[Opening Data provided section]
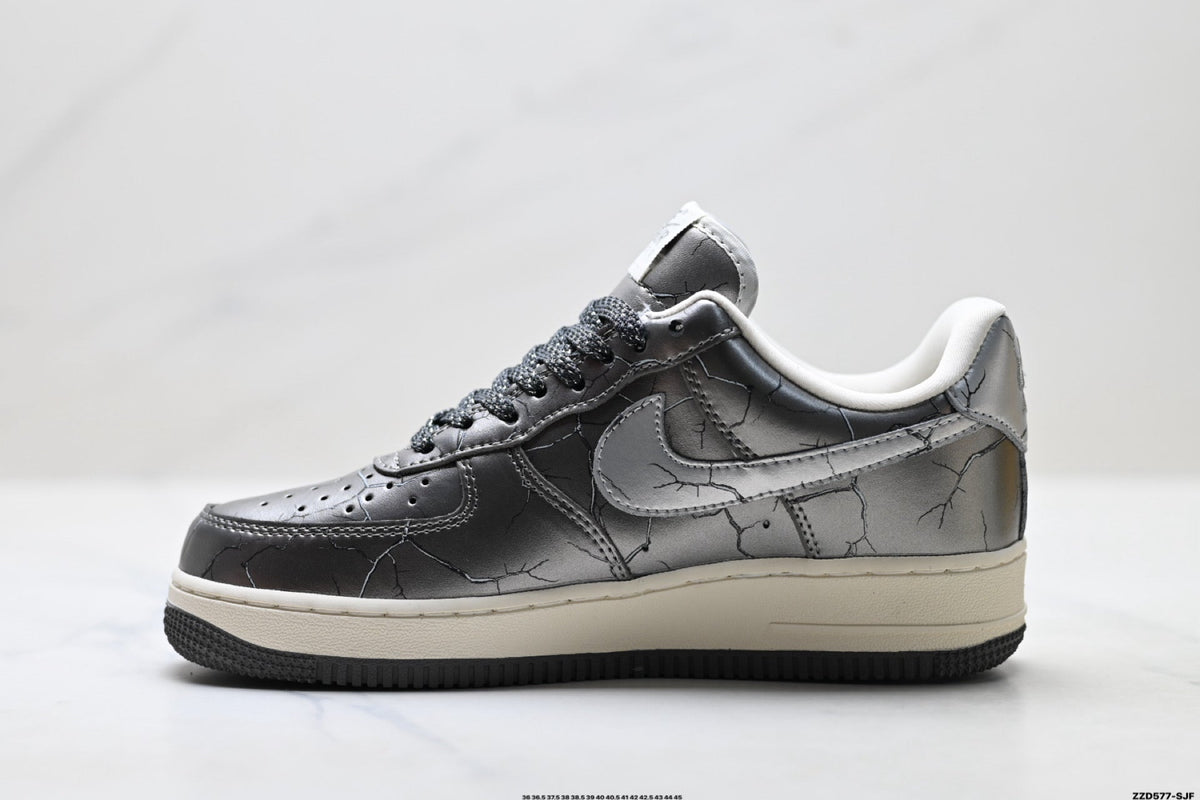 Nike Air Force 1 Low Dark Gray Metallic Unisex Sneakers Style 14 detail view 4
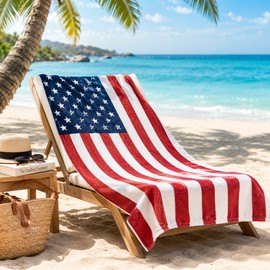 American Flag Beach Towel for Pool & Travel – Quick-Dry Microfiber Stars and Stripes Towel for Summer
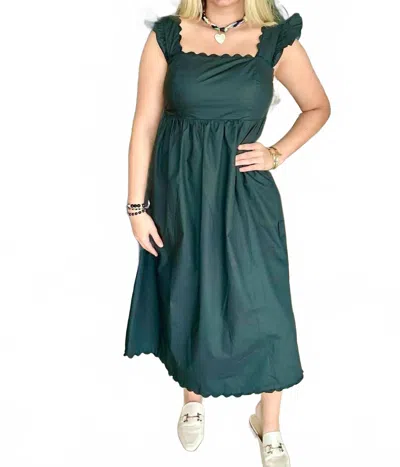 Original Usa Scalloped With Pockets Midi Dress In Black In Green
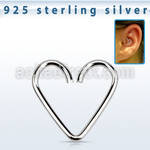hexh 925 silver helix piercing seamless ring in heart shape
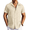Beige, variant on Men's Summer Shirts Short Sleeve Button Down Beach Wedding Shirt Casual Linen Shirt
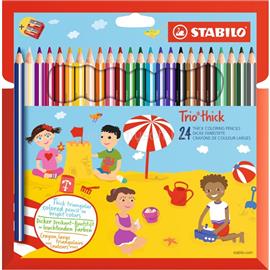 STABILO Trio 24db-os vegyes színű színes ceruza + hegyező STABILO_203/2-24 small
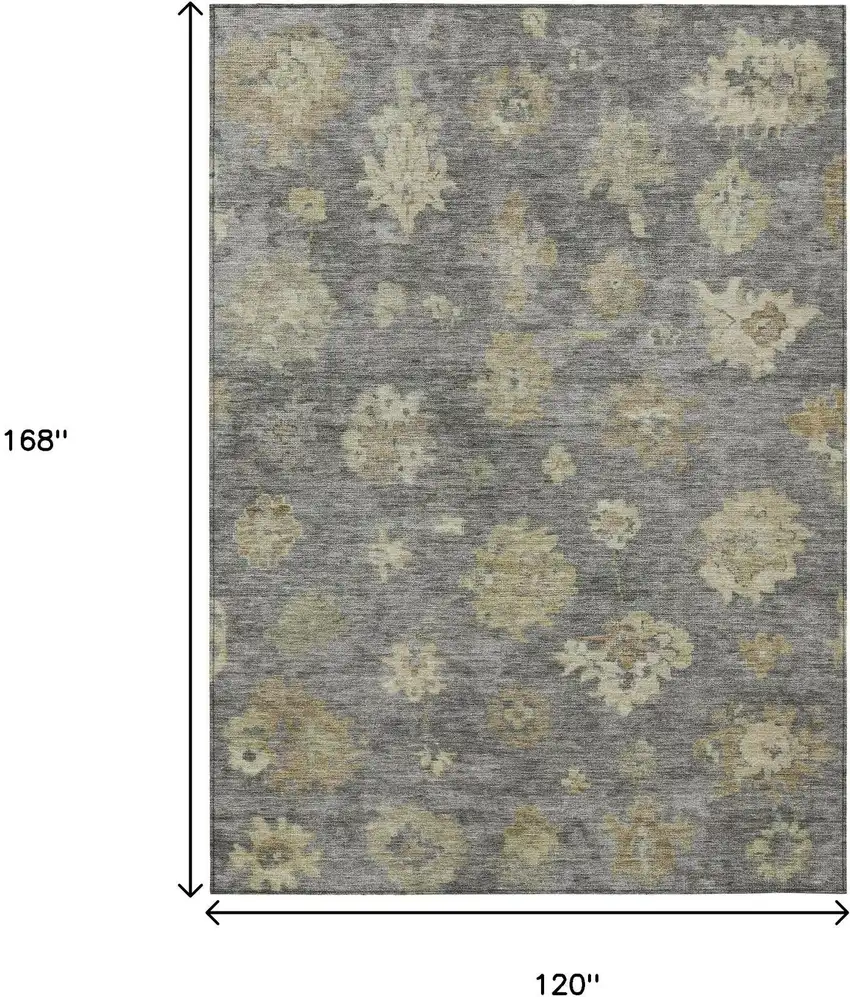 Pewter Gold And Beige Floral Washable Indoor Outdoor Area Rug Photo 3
[Closing Data provided section]
Find the line containing "STABILO Trio 24db-os" and copy it and each line after it through the end of the material, exactly, with no pictures.

Completed exercise>
 STABILO Trio 24db-os vegyes színű színes ceruza + hegyező STABILO_203/2-24 small
 Pewter Gold And Beige Floral Washable Indoor Outdoor Area Rug Photo 3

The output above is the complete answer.